Menentukan Jenis Pondasi Berdasarkan Daya Dukung Tanah

Menentukan Jenis Pondasi Berdasarkan Daya Dukung Tanah

Perlu anda ketahui dalam menentukan Jenis pondasi yang hendak digunakan, ada beberapa langkah yang harus diperhatikan. Hal yang pertama adalah perhitungan jumlah beban atau berat bangunan yang harus disangga oleh pondasi kemudian dilanjutkan kedalam tanah. Dan hal yang kedua adalah membuat ketentuan besarnya daya dukung serta ukuran luas pondasi.

Kemudian yang ketiga atau terakhir membuat struktural berdasarkan besarnya data yang diperoleh dari kegiatan pertama serta kedua. Kemudian dilanjutkan dengan perhitungan momen lentur maupun gaya geser yang dapat terjadi pada pondasi tersebut. Dari sinilah dapat dibuat keputusan jenis pondasi yang cocok dibuat. Namun selain berat bangunan dan limpahan beban, pemilihan pondasi juga ditentukan oleh jenis tanah yang ada di lokasi tempat pembuatan bangunan tersebut.

Dalam pemilihan bentuk pondasi, jenis tanah dan kedalaman pondasi bangunan yang memadahi. Perlu diperhatikan beberapa hal yang berkaitan dengan pekerjaan pondasi tersebut. Hal ini disebabkan tidak semua jenis pondasi dapat dilaksanakan di semua tempat. (Misal penggunaan pondasi tiang pancang pada daerah padat penduduk tentu tidak tepat meskipun secara teknis telah memenuhi syarat).

Pondasi dan Kondisi Tanah

Selain melakukan hal-hal di atas, kita juga harus memperhatikan beberapa hal lain, yakni kondisi tanah yang akan kita pakai untuk mendirikan bangunan. Dengan mengecek kondisi tanah, maka kita pun bisa memilih jenis pondasi apa yang sekiranya sesuai dengan bangunan rumah yang akan kita dirikan.

  • Jika tanah yang dipakai sudah cukup keras dan kita ingin membangun rumah satu lantai, maka pondasi batu kali sudah dianggap cukup kuat untuk digunakan.
  • Jika tanah yang dipakai sudah cukup keras dan kita ingin membangun rumah dua lantai, maka kita bisa memakai kombinasi antara pondasi batu kali dan footplat.
  • Andai tanah ternyata masih dalam kondisi lembek, merupakan bekas urugan, atau berada di posisi lereng, mau tidak mau kita harus berkonsultasi dengan ahli struktur atau arsitek untuk memastikan pondasi apa yang bisa kita gunakan mengingat kondisi ini cukup berbahaya andai hanya dengan memakai pengetahuan tukang bangunan. Apalagi jika kita ingin membangun rumah dengan dua atau tiga lantai.

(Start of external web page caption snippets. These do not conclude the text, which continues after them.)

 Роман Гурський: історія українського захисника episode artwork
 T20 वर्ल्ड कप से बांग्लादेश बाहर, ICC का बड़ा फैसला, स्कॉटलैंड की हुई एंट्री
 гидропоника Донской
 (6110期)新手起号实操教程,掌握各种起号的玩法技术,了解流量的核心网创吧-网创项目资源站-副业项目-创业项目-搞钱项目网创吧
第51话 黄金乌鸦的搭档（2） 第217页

Berikut ini cara memilih pondasi berdasarkan daya dukung tanah :

  1. Bila kondisi tanah keras terletak pada permukaan tanah atau kedalaman pondasi antara 2-3 meter di bawah permukaan tanah maka jenis pondasinya adalah pondasi dangkal. (misal : pondasi jalur, pondasi telapak atau pondasi bor pile manual).
  2. Bila kondisi tanah lunak hingga kedalaman kurang lebih 6 meter maka jenis pondasi yang dapat di gunakan adalah pondasi strauss pile atau bor pile manual.
  3. Bila tanah keras terletak pada kedalaman sekitar 10 meter atau lebih di bawah permukaan tanah maka jenis pondasinya adalah pondasi bored pile, pondasi sumuran atau pondasi mini pile.
  4. Bila tanah keras terletak pada kedalaman 20 meter atau lebih di bawah permukaan tanah maka jenis pondasinya adalah pondasi tiang pancang atau pondasi bored pile.

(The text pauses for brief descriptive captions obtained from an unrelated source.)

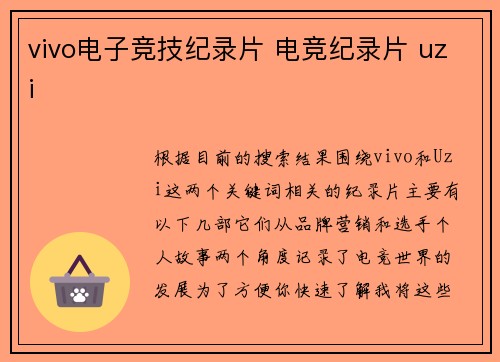 vivo电子竞技纪录片 电竞纪录片 uzi
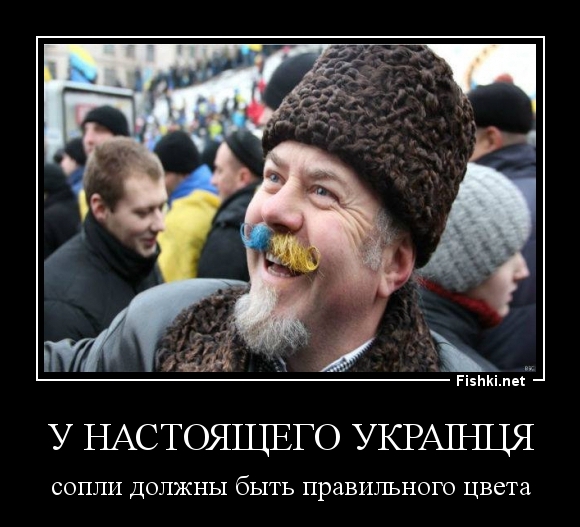 У настоящего украiнця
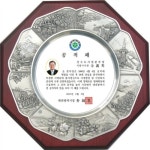 베스트로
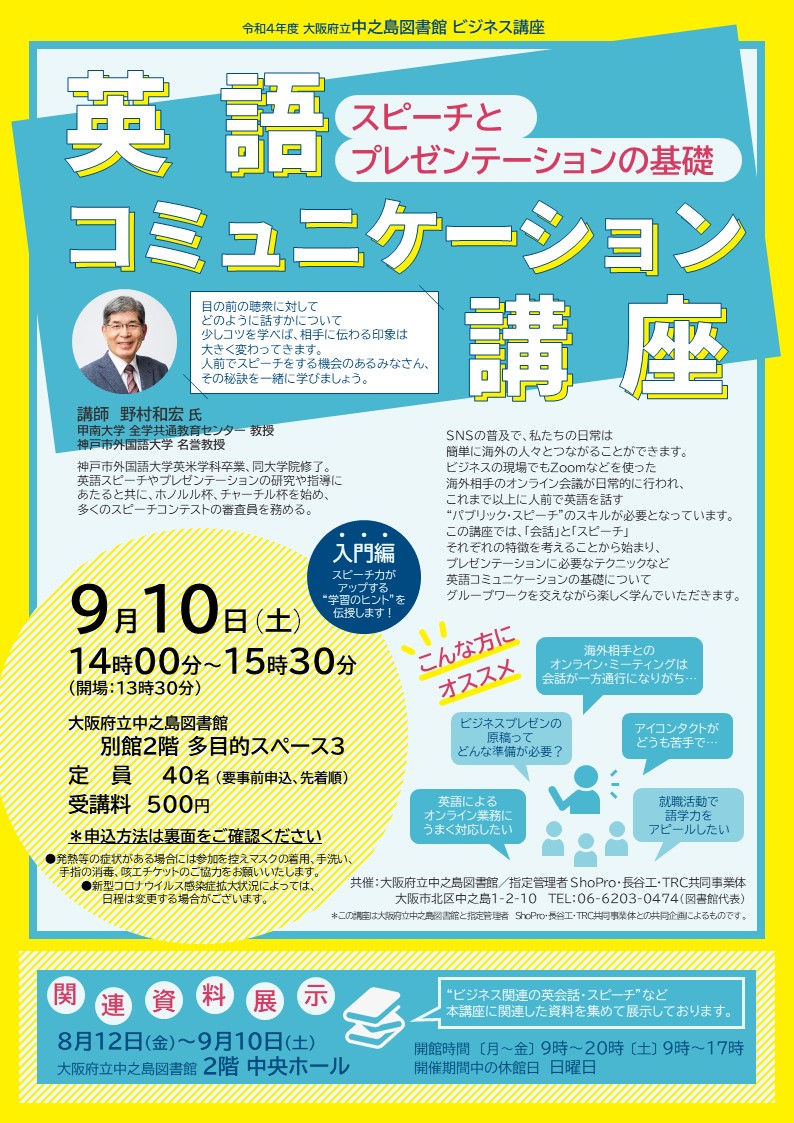【満席につき受付終了】英語コミュニケーション講座 スピーチとプレゼンテーションの基礎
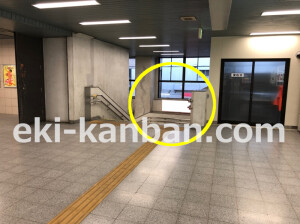 南海／粉浜駅／／№3504駅看板・駅広告、写真2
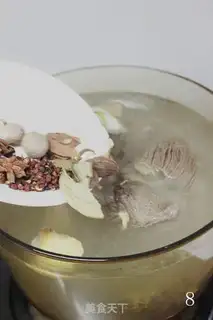 Make Beef sauce step 7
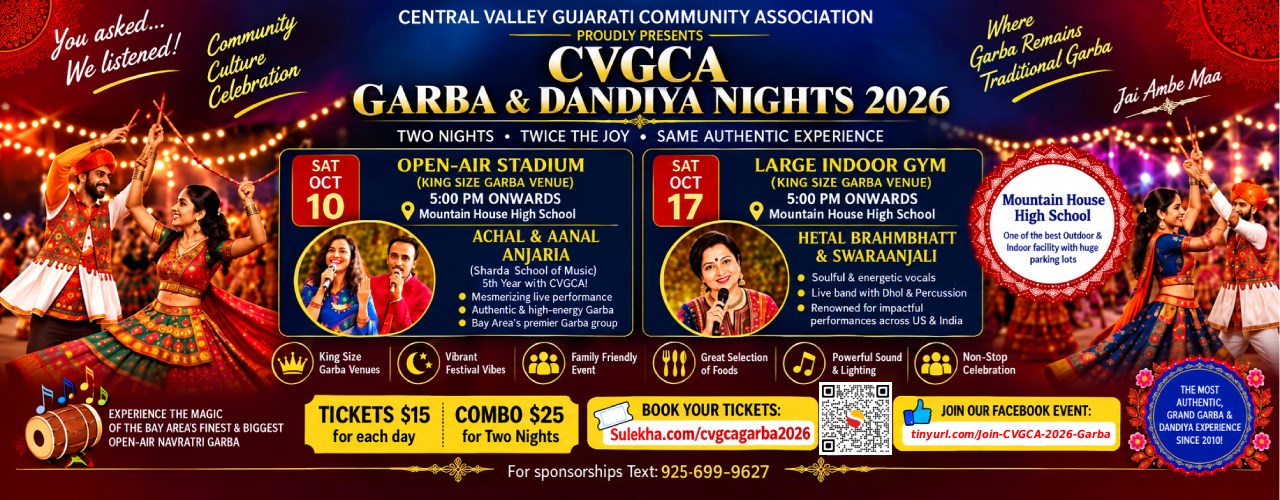 CVGCA Garba & Dandiya Night 2026 (Oct 17th, Saturday)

Perlu anda ketahui, kenyamanan rumah tidak hanya tercipta dari kebersihan, keindahan arsitektur serta desain dari rumah itu sendiri tetapi juga dapat tercipta dari bagaimana rumah yang didirikan memberikan rasa keamanan bagi para penghuninya.

Keamanan disini seperti halnya membuat pondasi rumah kokoh sehingga tidak merasa khawatir akan terjadi hal-hal yang tidak diinginkan (bangunan retak bahkan hal terburuk bangunan roboh / ambruk) . Oleh karena itu, ketika Anda ingin membangun rumah pastikan tidak hanya mementingkan desain apiknya tetapi juga pentingkan pula kekokohannya.

Jenis Pondasi untuk Rumah Tinggal

Sebenarnya, seperti apakah pondasi rumah yang cukup kuat untuk digunakan sebagai tempat tinggal? Dalam ilmu sipil, kita akan mengenal dua jenis pondasi yang umum / paling banyak dipakai untuk rumah tinggal 2 lantai, yakni pondasi batu kali dan pondasi footplat.

  • Pondasi batu kali kerap kali digunakan dalam bangunan yang hanya memakai satu lantai saja. Biasanya, kedalaman pondasi hanya berkisar antara 60 hingga 80 cm saja. Fungsi dari pondasi ini hanyalah untuk menopang pemasangan bata dan beban struktur bangunan di atasnya yang tidak terlalu berat mengingat hanya berupa bangunan satu lantai.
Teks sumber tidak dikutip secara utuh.